The Persuasive Power of Criticizing with Care

Two photographs of Katie Mercurio, side-by-side; she looks angry on the left and calm on the right.
(Jason Halley / University Photographer)

Criticizing someone for their bad behavior is easy.

But asking a group of people to change—with any hope of a positive result—gets complicated.

It’s one thing to call someone out for a bad joke around the supper table, but the stakes get higher in the wild, where harm is magnified by the Internet and its choruses. 

Think of activists demanding justice for victims in their campaigns. Employees who call attention to unfair practices at work. Journalists putting a spotlight on harm in society. And business leaders speaking out on political topics. 

It isn’t pretty, but that’s accountability for you.
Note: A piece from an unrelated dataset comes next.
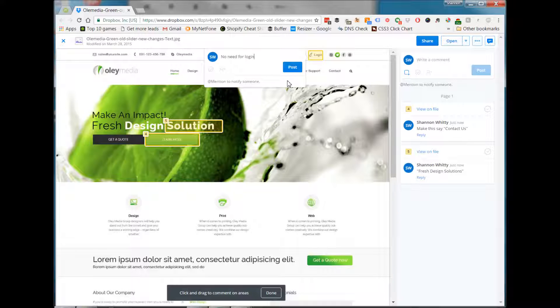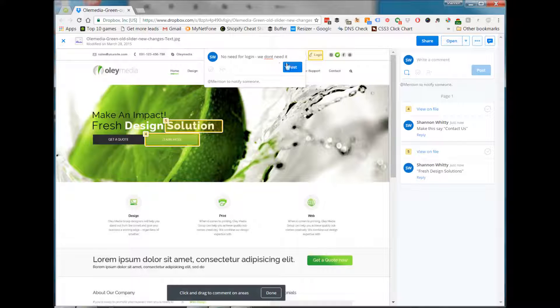Obviously, the more annotations and comments you make on a design, the more likely it is we'll be able to deliver exactly what it is you require in the finished product.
Enter finance and marketing professor Katie Mercurio, a highly versatile thinker who loves a social challenge. She and a team wrestled this conundrum through a series of experiments, involving over 1,400 participants, to explore the types of criticism that result in changed behavior.

“Nobody likes hearing criticism, especially when they’re in the wrong,” Mercurio said.

“And especially not when they’re branded as the villain who has caused people harm.”

Thankfully, she and her researchers identified a way criticism can be made more effective, namely when the criticizer shows they have concern for the welfare of the people they are criticizing and the issues they face. Mercurio calls this “dual-concern messaging.”

For example, when addressing an individual’s wrongful act, the person giving feedback also acknowledges and validates their perspective.

While fostering openness toward criticism, the study sets the stage for change in all situations—from conversations around the dinner table to volatile debates on social media.